Malgré les avancées techniques ET les expériences réussies, beaucoup voient encore la maison écologique performante (notamment la maison passive) comme un thermos où on vivra moins bien !
- avec une bonne isolation thermique et une bonne étanchéité à l’air, vous vous assurez un confort thermique “constant”, c’est-à-dire qu’été comme hiver vous bénéficiez d’une température ambiante égale dans TOUTES les pièces de la maison (fini les chocs thermiques d’une pièce à l’autre !). En outre une bonne perméabilité à l’air du bâtiment assure une durabilité de conservation du bâti.
- avec une bonne ventilation, vous vous assurez un renouvellement d’air “bien calibré” : suffisamment pour maintenir une bonne qualité de l’air intérieur (car l’air est suffisamment renouvelé), et grâce à un “échangeur”, l’ai neuf entrant est préchauffé par l’air vicié sortant (la VMC double flux), donc vous ne “chauffez” pas (moins) les oiseaux !

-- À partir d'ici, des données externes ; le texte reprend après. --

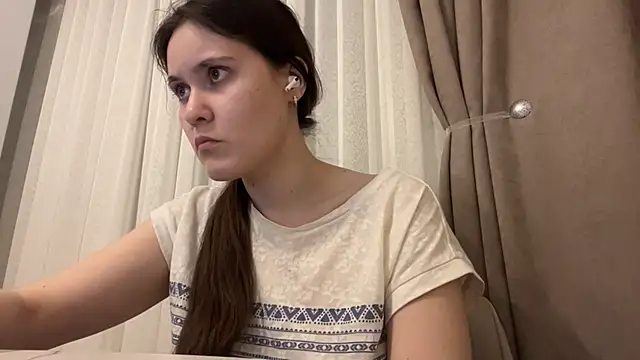 Snapshot of LanaLive chatting on 31, 1, 2026 LanaLive online show from 31, 1, 2026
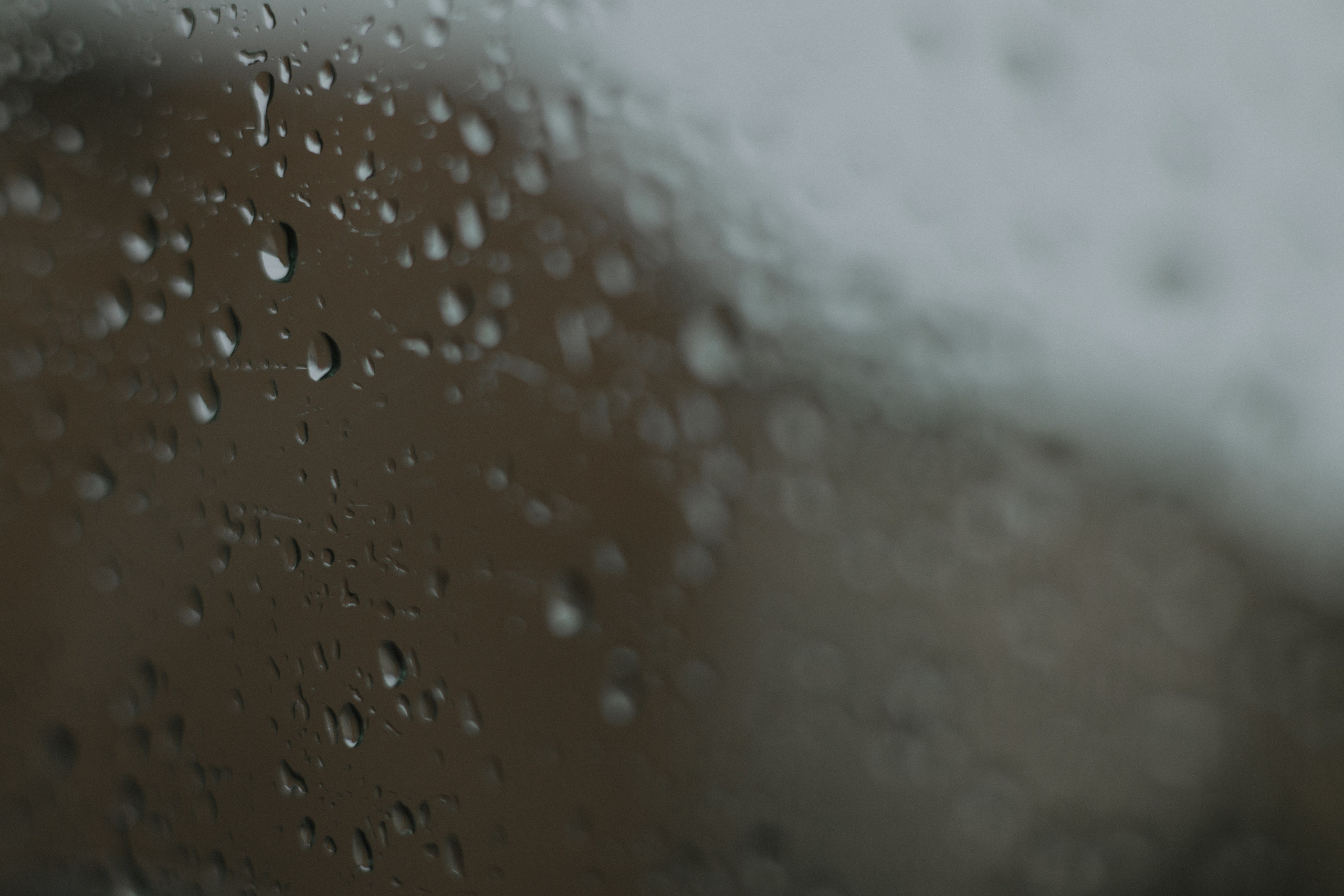 Кажется, дождь собирается…. Свадебный и семейный фотограф в Санкт-Петербурге и Москве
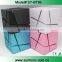 portable wiress bluetooth speaker with led light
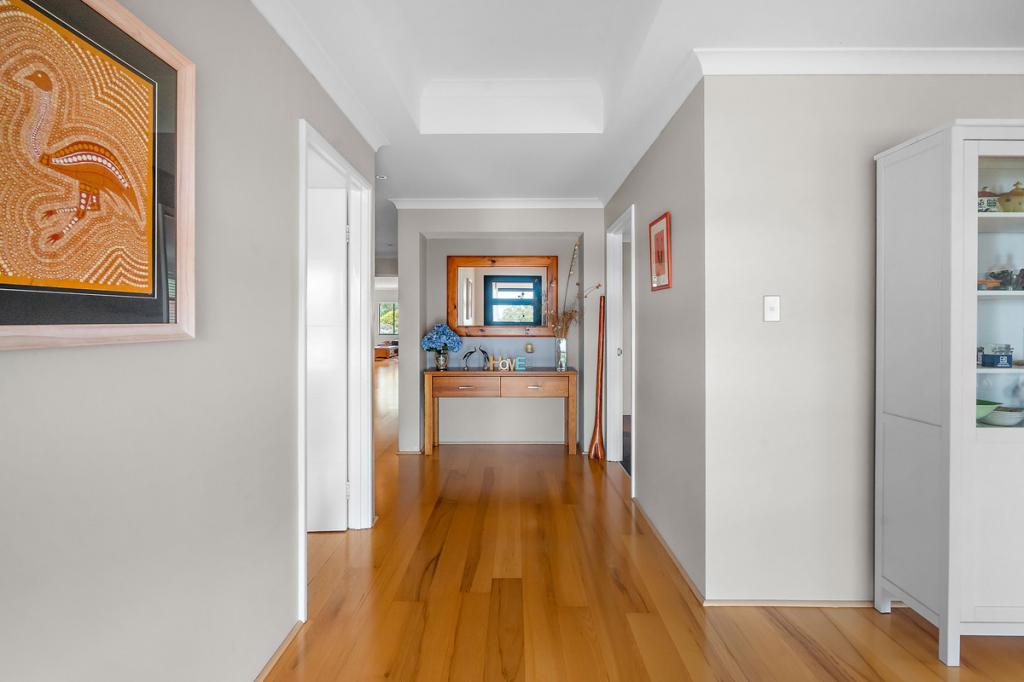 24 Meldrum Loop, Bedfordale, WA 6112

- avec une bonne étanchéité à l’air, vous vous assurez le bon fonctionnement de votre système de ventilation. Le système de ventilation est installé après le calcul des besoins de la maison. S’il y a beaucoup d’infiltrations parasites, la ventilation se dérègle… et surconsomme. Ajoutons qu’une bonne étanchéité à l’air apporte un confort acoustique aux occupants, puisque le son se propage par l’air.

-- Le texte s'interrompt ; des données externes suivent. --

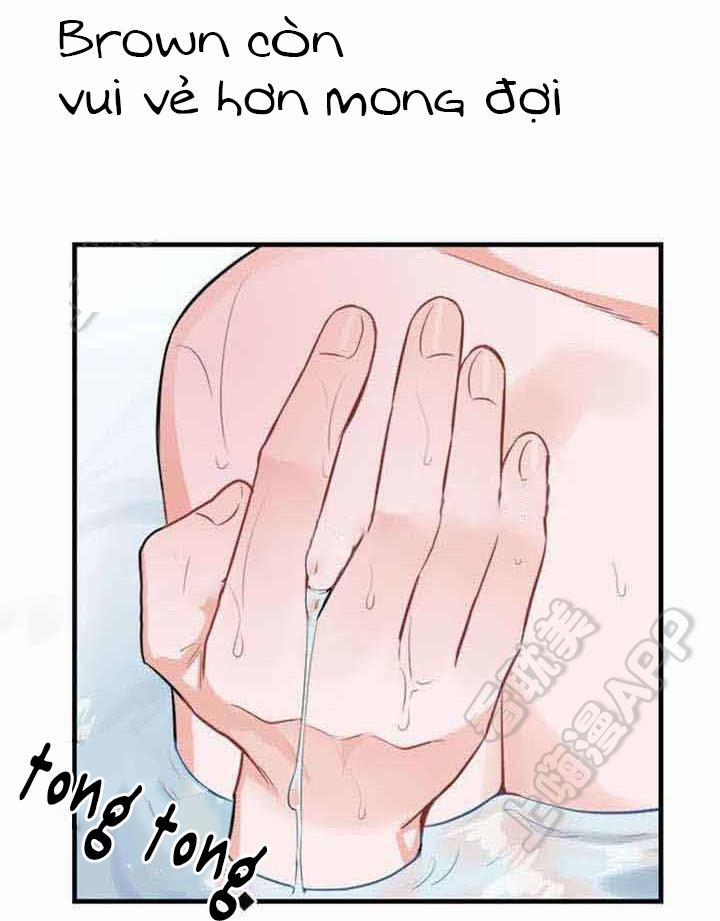 Ngày Ngày Sống Chung Với Dữ Bố Lữ 14 trang 22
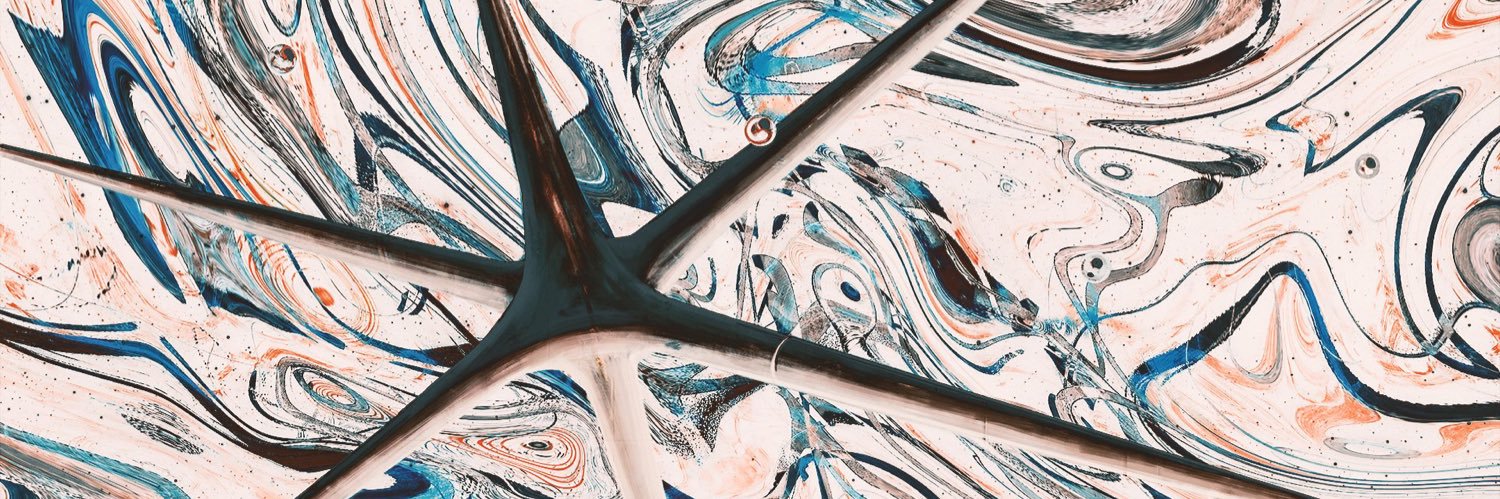 kalebdj's profile banner image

- avec une bonne ventilation et une bonne étanchéité à l’air, vous éliminez constamment l’humidité accumulée dans la maison venant de notre respiration, et nos activités (cuisson, douche, séchage linge…) et limitez les risques de moisissures, condensation… ce qui bon pour votre santé ET la conversation du bâtiment (pas de condensation dans les isolants traversés par cet air chargé d’eau ! Ainsi, l’hygiène et la santé par la qualité de l’air intérieur donne un écho complémentaire aux questions de confort, d’économie et de durée de vie du bâti.
Et pour terminer cette série sur l’étanchéité à l’air, rappelons que la construction d’un bâti performant nécessite la maitrise d’une bonne étanchéité à l’air. Des tests sont à réaliser en vue d’une certification BBC et Passivhaus.
Et dans l’existant, si vous souhaitez faire rénover votre habitat, n’oubliez pas le trio « gagnant » Isolation / Etanchéité à l’air / Ventilation.
Autrement… dans le neuf et l’existant, vous n’y échapperez pas !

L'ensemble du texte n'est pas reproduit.